La comunidad se sacude los pies. No hay de otra.
Días después de haber hecho esto, reciben los hermanos la noticia de que el crimen organizado había ido a matar a algunas personas y estaban buscando a otras, entre ellos, a la hija de este hombre que se decía cristiano, pero que incluso aceptó esta mujer con sus ídolos.
No luchamos contra carne y sangre…
Los hermanos, por un lado, se dan cuenta de que era preciso terminar esta relación, al menos, para cuidar a los miembros de la congregación. Por supuesto, la comunidad va a seguir haciendo misión, ahí o donde el Señor quiera. La comunidad se va a seguir haciendo presente de alguna u otra manera. La comunidad sabe y reconoce que Jesús es Señor, el Dios de dioses y que está incluso sobre todas estas huestes de maldad que operan en el mundo.

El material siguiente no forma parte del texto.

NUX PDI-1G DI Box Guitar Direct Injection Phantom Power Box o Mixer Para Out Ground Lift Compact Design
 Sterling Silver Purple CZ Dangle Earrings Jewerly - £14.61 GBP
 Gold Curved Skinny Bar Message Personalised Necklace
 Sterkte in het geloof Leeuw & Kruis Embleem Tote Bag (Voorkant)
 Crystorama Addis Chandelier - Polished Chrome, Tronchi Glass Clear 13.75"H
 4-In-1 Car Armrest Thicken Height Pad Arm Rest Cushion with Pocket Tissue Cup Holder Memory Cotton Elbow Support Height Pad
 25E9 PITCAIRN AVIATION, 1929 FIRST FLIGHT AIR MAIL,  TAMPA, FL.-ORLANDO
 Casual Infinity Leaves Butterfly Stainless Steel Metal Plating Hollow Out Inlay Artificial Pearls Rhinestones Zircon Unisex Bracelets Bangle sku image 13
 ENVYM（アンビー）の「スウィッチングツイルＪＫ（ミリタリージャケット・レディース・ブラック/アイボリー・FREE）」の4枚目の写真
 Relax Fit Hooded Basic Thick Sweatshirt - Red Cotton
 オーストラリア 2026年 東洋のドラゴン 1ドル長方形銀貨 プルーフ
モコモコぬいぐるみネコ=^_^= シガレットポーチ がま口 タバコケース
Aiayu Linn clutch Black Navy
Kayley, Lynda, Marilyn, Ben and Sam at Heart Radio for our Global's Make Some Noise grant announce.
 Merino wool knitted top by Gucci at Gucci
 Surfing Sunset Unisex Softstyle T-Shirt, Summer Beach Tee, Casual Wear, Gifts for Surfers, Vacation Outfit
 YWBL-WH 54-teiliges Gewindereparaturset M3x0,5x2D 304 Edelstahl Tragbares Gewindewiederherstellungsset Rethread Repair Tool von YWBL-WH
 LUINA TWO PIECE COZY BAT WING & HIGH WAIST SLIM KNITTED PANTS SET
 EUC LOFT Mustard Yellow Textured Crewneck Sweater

Sin embargo, la lucha es real. Aquí “lucha” no es “guerra espiritual” que implica un antagónico con la misma capacidad para pelear o guerrear. Queda claro, así como dice Colosenses, que Jesús venció y despojó a los principados y las autoridades, y los exhibió como espectáculo público habiendo triunfado sobre ellos en la cruz. (Col. 2:15). Eso no quiere decir que no aceptemos que hay una lucha espiritual. Si la hay, demasiado fuerte, como dice el apóstol Pablo, de huestes que dominan el aire, que no podemos ver, pero que sí sentimos y vemos los efectos de su influencia, efectos que van degradando, corroyendo la vida hasta que, como advirtieron los hermanos con voz profética, “ha sucedido lo que les dijimos que iba a suceder. Estas son las consecuencias de no querer hacerle caso a Dios”. Ellos jamás fueron ingenuos.